=== WORK ITEM ===
Everything in the records below from the line containing "سلام دوستان یه سه چهار جفت اردک خارجی هست" through the line containing "画像6: 崩壊3rd　ブローニャ・新生の銀翼　ジャケット　特典付き (6)" is to be reproduced exactly, those two lines included; no picture is to be copied.

=== DATA FOR THE TASK ===
=== Section Start ===
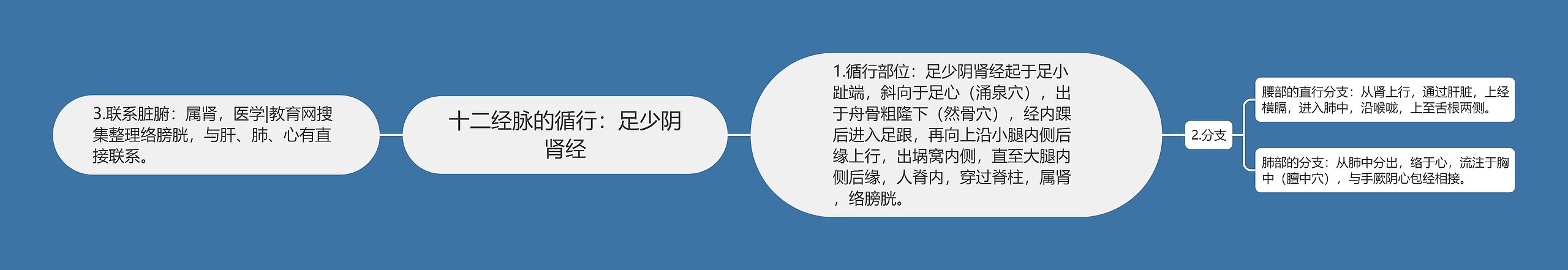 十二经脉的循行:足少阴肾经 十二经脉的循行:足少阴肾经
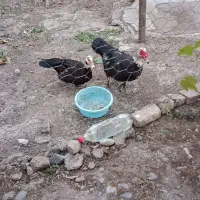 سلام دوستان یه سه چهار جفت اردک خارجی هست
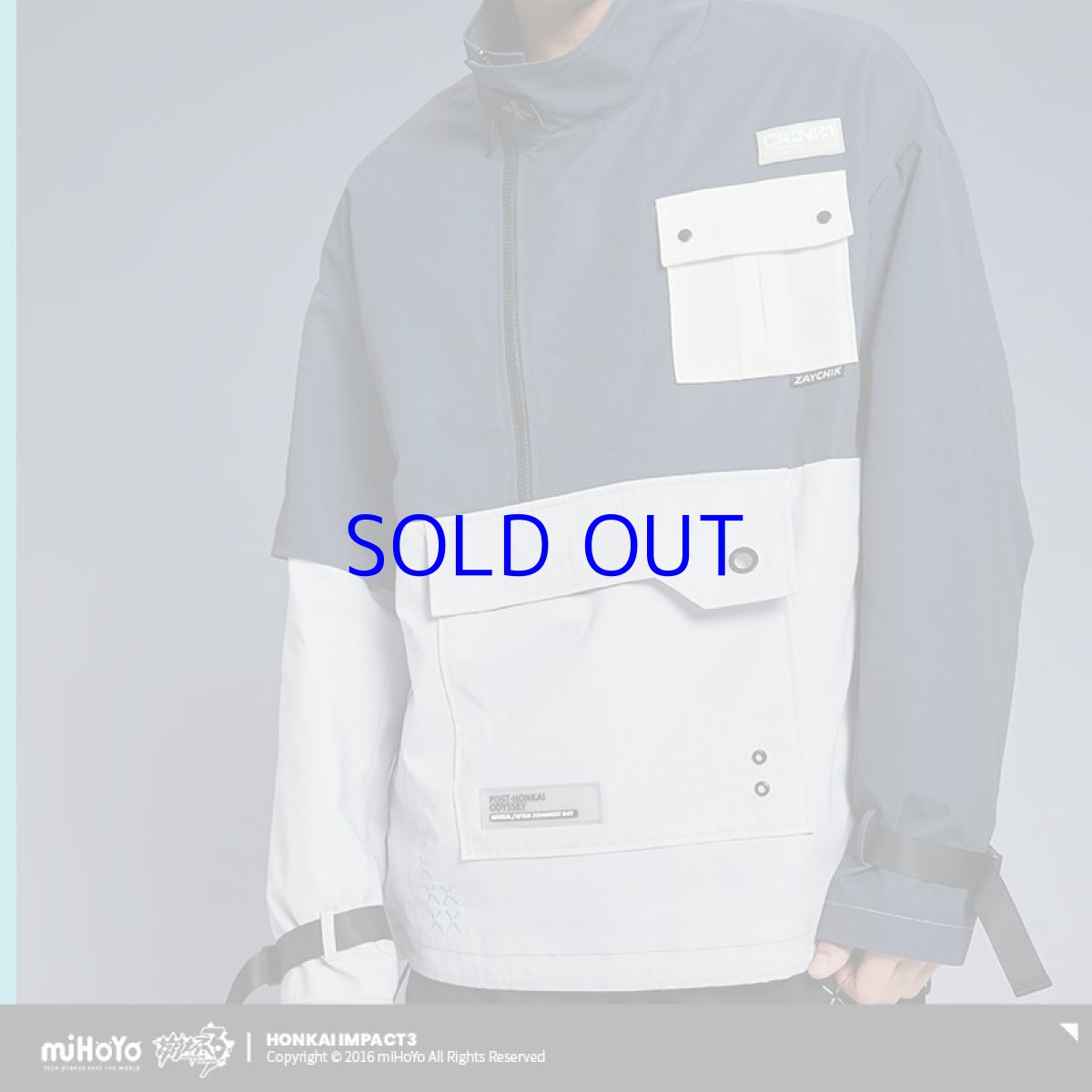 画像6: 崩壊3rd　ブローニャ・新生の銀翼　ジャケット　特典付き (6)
=== Section End ===
=== Section Start ===
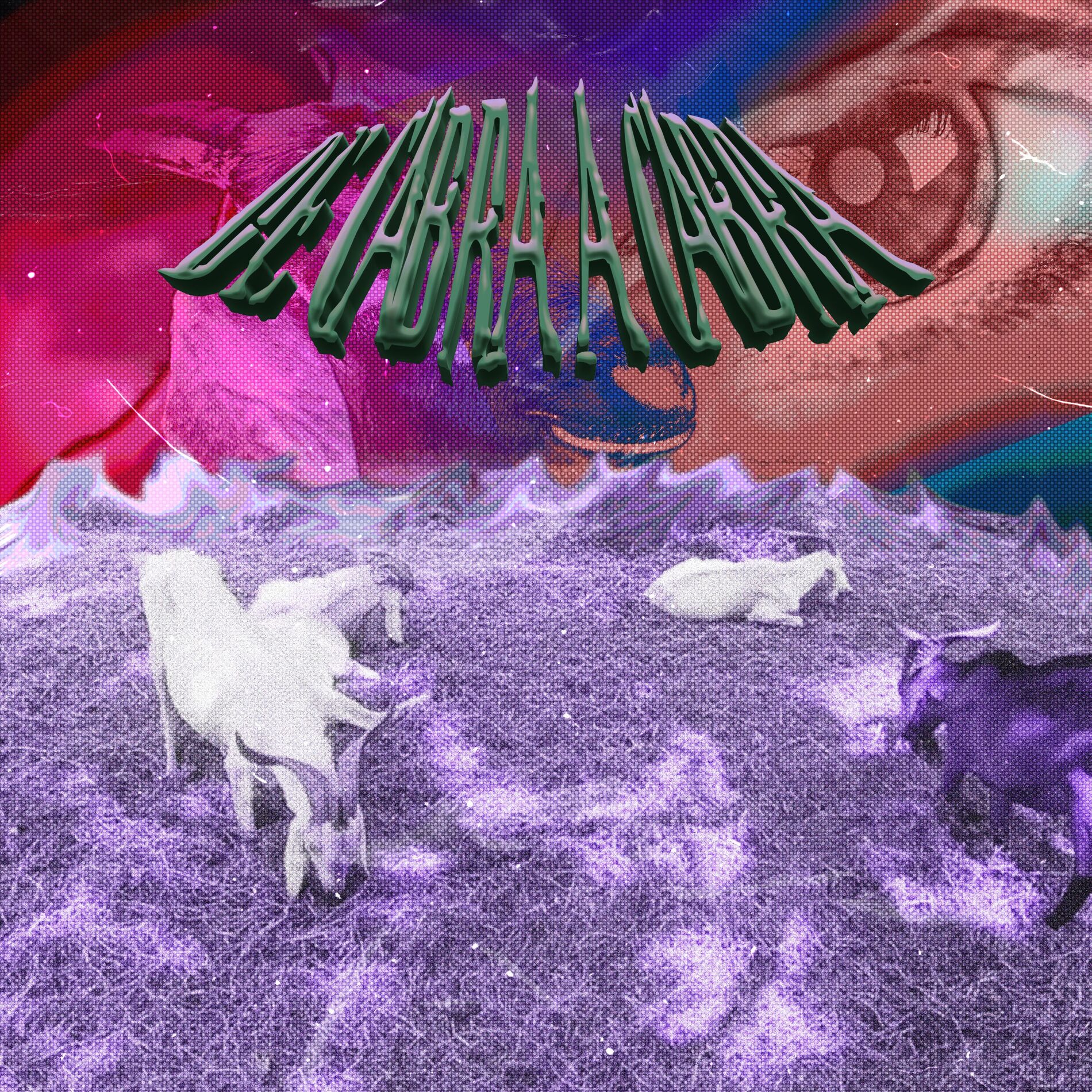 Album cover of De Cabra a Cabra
=== Section End ===
=== COMPLETED TASK ===
 سلام دوستان یه سه چهار جفت اردک خارجی هست
 画像6: 崩壊3rd　ブローニャ・新生の銀翼　ジャケット　特典付き (6)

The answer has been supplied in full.